Without evidence this seems like a very subjective statement. Have there been any matches between humans and top NN engines in which the humans won and which lasted long enough to determine that the opening phase was the decisive factor in the NN engine losing the match?
You sound focused on the results of games. We're not debating whether a human can beat an engine.
Opening theory is not created by one human. It's been the collective efforts of all humans and their machines.


I'm just waiting for an NN engine to play in its game a true good opening novelty that human GMs would then adopt. I don't think it has yet. I don't think NN engines have contributed to opening theory (yet) any more than traditional engines. People get excited, but just at the NN engine reproducing old human opening theory, not anything new.

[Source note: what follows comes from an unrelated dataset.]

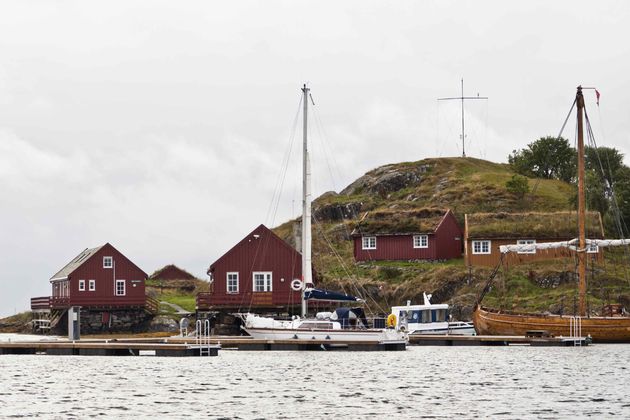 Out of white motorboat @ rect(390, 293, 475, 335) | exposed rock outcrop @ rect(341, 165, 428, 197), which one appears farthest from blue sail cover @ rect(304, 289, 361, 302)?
exposed rock outcrop @ rect(341, 165, 428, 197)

But if someone can give examples where it has happened, of course I'd be very interested to see them.

Zenmastur wrote: Wed Jul 17, 2019 1:16 am Hmmm...

Then how did Lc0 win TCEC when playing against SF? Do you think it got lucky 100 games in a row?
Again, this has nothing to do with which engine is stronger than another engine. The endless Lc vs SF debate is a topic of other threads. (Briefly, it won't be settled because there will never be agreement about what is fair hardware and what are fair openings. When you watch TCEC, you see that Lc tends to win out of certain openings and SF out of certain other openings. Then the fans of one complain about the use of the opening that doesn't favor their preferred engine.)

We're talking about opening theory. Has Lc contributed to directly to opening theory, like humans do, i.e. by playing the novelties in tournament or match games and getting other humans to adopt them?

I don't think so, unless I've missed something.
Contributing to opening theory is not only finding novelties because theory is not a list of known best moves but positions that have some options that we do not know which option is better.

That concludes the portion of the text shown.